2) The nature of the child’s powers, which provide the driving force of the entire film, remain ambiguous throughout. Since this is kept ambiguous, character goals remain ambiguous by extension, making the characters and their actions difficult to relate to or care about.

“But!” someone may say, “it makes you think! If you need a plot spelled out for you, you must be stupid! You have to pay attention! I like films that make me think!”

OK… but what does an ambiguous film make you think about? And is it worth thinking about? And why does a certain ambiguity make you think it?

After all, Usually an ambiguity just makes you think about the ambiguous thing. If you’re never going to give the audience answers, is that really what you want?

Also, if I want some thought-provoking ambiguity, I can just think about the bizarro dreams I had last night, daydream my own ambiguous imagary, or read the Book of Revelations.

By which I mean to say: If you find coming up with thought-provoking ambiguity on your own is difficult, then I doubt the ambiguity is provoking very deep thoughts.

Anyway, after Googling a bit, I found the director quoted here as saying:

“Our house was very small, but we were freaked-out first-time parents, so we put a baby monitor in the room — even though we could hear everything he did from our bedroom, because we were right next door,” Nichols said of he and his wife becoming a new parents. “But I sat there listening to everything. Every breath, every movement, every sound. And I realized at that point in his life, here was this person who had no concept that just outside the space of his consciousness, there were these two people who cared so deeply for him and were listening to everything he does. We knew everything about every moment. I was struck by that. And that became the basis for this bigger multiverse idea.”

That actually sounds like an awesome idea, a great theme for a film, especially a sci-fi one. Maybe I’ll steal it for a novel. Because Midnight Special fails completely to relate this theme, unless you’re already looking for it. Otherwise your interests will likely have more to do with trying to understand the kid’s powers and goals, only to be disappointed when you find they remain ambiguous. If the director had really wanted to explore this parenthood theme, a little less ambiguity would’ve gone a long way.

The Hustler (1961)


Link: The Hustler

Summary: Small time pool hustler Eddie wants to become a major-league pool hustler, and to prove himself he sets out to defeat Minnesota Fats, the current reigning champion. After being defeated, poor Eddie must do some soul searching, figuring out what his passion really means to him before trying once more.

Thoughts: The film is considered a classic, but perhaps seemed more riveting fifty years ago.

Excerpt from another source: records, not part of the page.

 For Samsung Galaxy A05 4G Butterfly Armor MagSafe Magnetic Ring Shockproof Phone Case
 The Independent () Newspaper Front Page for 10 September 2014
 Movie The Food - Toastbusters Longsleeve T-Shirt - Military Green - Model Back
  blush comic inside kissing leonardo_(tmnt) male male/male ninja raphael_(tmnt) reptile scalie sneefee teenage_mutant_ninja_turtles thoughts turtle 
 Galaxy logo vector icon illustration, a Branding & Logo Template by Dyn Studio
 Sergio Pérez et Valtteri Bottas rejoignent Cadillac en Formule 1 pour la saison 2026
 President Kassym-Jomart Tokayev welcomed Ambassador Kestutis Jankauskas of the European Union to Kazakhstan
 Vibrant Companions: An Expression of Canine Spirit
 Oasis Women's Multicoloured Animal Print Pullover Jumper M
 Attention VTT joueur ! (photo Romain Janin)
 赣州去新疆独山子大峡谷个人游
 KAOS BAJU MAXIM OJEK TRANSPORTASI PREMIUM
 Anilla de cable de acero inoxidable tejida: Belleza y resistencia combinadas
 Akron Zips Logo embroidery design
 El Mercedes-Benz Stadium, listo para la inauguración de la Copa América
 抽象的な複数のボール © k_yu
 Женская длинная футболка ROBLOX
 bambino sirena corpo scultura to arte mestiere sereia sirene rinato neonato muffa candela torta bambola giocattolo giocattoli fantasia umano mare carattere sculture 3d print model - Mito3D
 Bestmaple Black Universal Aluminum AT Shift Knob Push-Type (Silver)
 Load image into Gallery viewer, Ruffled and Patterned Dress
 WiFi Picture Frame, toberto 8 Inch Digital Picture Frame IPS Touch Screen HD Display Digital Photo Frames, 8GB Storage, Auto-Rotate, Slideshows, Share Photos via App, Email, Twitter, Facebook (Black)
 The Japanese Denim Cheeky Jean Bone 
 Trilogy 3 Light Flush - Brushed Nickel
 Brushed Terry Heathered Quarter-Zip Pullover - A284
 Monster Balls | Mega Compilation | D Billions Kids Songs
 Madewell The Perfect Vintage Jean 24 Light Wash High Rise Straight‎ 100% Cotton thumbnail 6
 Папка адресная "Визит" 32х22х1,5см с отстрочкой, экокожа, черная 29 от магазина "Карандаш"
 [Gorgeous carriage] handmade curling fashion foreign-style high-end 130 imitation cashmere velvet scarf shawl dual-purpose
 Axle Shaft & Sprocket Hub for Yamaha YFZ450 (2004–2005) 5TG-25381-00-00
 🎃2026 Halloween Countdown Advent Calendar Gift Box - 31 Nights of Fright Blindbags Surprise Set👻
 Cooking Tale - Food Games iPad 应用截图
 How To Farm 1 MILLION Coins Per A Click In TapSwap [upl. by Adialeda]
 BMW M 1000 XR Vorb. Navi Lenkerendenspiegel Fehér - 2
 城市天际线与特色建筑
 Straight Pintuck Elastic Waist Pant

Today it feels more like a cliche of better films that came after it, as convoluted as that may seem. I found the pacing way too slow, the characters a bit flat, and some plot points rather a bit forced. The themes, dealing with talent and passion vs character and personal sacrifice, are handled with more beauty, depth, and intrigue in films like RockyAmadeus, or even the more recent Whiplash. Still, it’s a decent film, but I think its weaknesses only lend a shovel to the more modern films slowly digging its grave in the annals of film history. But, hey, it got a blu-ray release, so its thematic strengths will ensure that one foot will dance outside the grave for some time yet.

Drew: The Man Behind the Poster (2013)

Drew: The Man Behind the Poster

Link: Drew: The Man Behind The Poster

Summary: A documentary looking at the work of illustrator Drew Struzan and the iconic film posters he created over the decades before his retirement.

Thoughts: It’s easy to take film poster art for granted, but almost every film lover has Drew Struzan’s work permanently etched somewhere in their memories; his style of highlighted “mountain of faces” portraiture alone conjures up the magic of the movies, perhaps along with a bit of nostalgia nowadays, as illustrative poster art has been on the decline.

While the documentary provides some fascinating insights into Struzan’s work, it was light on both biographical details of the man himself (understandable if he’d rather keep his personal life personal) and on how he actually works (which may not be of interest to general audiences anyway). Instead, we’re mostly presented with the talking heads of celebrities in the industry who’ve worked with or been influenced by Struzan’s work. The film provides a sort of overview of Struzan’s most iconic work through the decades, with a bit of backstory regarding how they came about. Fascinating material, but it personally left me hungry for more. Fun movie; definitely worth checking out.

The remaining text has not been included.